Ship steadied, we now began to motor. Dillon could have had another goal when he had the room behind from an error by a Clare back in which to move but he had already decided he was going to flick the ball up and bat it over the bar and that’s what he did to level matters. A free from Ryan after Honan had been fouled put them ahead again but he also sent one from further wide. Still, that wasn’t an easy one and you could only wince as Pauric Mahony mis-hit a free from inside the 45 to drop it into the lap of the Clare goalie. It was not an auspicious day for the art of the dead ball as Waterford cleared a dreadful sideline cut from Ryan to Seamus Prendergast who scored to take the edge off Mahony’s earlier miss.

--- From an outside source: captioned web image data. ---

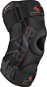 Shock Doctor Knee Support With Dual Black Hinges XXL - Knee Brace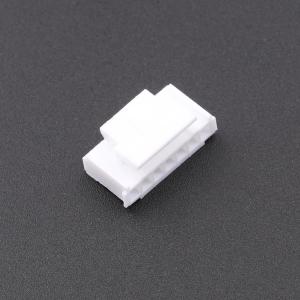 5001-HY0020E-07P1-00-B商品缩略图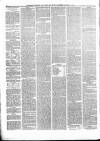 Montrose Standard Friday 18 January 1861 Page 8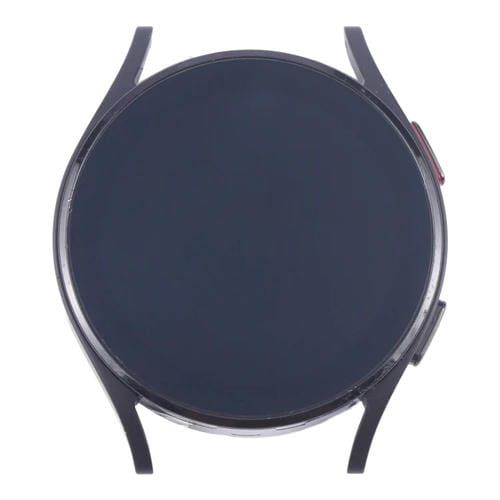 WSP0067B_1.jpg@62a7c9fd90f65d0cc3a6fef53a4e9667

A soft free allowed Ryan to restore Clare’s lead but the remainder of the half would belong to us. Kevin Moran teed up Pauric Mahony for a fine score to level matters again, then Shane O’Sullivan and Jamie Nagle combined to romp down the right wing and give Maurice Shanahan the chance to put Waterford ahead for the first team. Unfortunately Pauric Mahony’s score had not eased his stage fright as he missed another relatively easy free but it didn’t seem to matter that much, so on top were the Waterford half-backs and midfield. One run from Kevin Moran saw him flick the ball over a Clare player and release Mahony who was fouled to give Maurice Shanahan the chance (ahem) to stretch the lead to two from the free. Another botched sideline cut from Ryan was given the a proper punishment by Waterford as we swept up the field and Mahony earned another free to give Shanahan the chance to put us a full goal ahead. The backs were winning oceans of possession and using it well, and even when Clare were getting in behind us we saw Honan being
pushed shepherded out wide where he could only drift a shot wide of the posts. An over-the-shoulder effort from Jake Dillon saw us go four points and Clare felt sufficiently spooked to bring on Peter Duggan. Right from the start he was clearly in the mould of a fixer, sent to lift the crowd and soften up the Waterford players. His first contribution was to pluck the ball salmon-like from the air . . . then be hustled out of it by four Waterford players. Spare us all from hurling’s Great White Dopes.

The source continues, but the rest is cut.